Josh Rogin
President Xi Jinping has called on China’s People’s Liberation Army to be ready to take Taiwan by force by 2027. The United States, together with regional partners, must ensure a Chinese invasion can’t succeed. That plan hinges on quickly building and deploying thousands of new drones that would swarm the Taiwan Strait and keep China’s military busy until more help can arrive, according to the top U.S. military official in the Pacific. But time is running out to turn these plans into a reality.
Under its long-standing policy of “strategic ambiguity,” the United States has never committed to coming to Taiwan’s defense if China attacks.
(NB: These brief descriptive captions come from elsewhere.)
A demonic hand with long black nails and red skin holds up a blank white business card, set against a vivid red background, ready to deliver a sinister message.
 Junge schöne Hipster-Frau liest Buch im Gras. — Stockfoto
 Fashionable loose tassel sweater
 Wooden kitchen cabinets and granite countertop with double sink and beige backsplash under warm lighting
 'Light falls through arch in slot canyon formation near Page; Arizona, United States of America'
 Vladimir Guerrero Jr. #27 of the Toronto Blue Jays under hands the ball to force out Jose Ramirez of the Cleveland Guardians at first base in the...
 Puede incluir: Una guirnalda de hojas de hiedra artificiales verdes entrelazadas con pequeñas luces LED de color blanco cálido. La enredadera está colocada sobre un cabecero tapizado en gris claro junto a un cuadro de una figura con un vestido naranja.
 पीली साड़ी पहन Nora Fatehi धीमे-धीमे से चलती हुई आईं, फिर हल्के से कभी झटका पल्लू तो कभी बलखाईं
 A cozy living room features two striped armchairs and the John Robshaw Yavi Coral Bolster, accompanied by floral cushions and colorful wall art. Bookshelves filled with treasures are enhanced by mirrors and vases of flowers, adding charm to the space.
President Biden has repeatedly said he would send the U.S. military to defend Taiwan, although he added a new caveat in his latest interview with Time, saying, “It would depend on the circumstances.” President Donald Trump seems less likely to intervene on Taiwan’s behalf, having told a GOP senator while in office that if China attacks, “there isn’t a f------ thing we can do about it.”
For any U.S. president, to send American men and women to defend a small democracy on the other side of the world would be a very tough call. That’s why Plan A is to deter Xi from ever attempting an invasion, by making sure that he never looks across the Taiwan Strait and sees an easy victory, Adm. Samuel Paparo, the new head of U.S. Indo-Pacific Command, told me in an interview.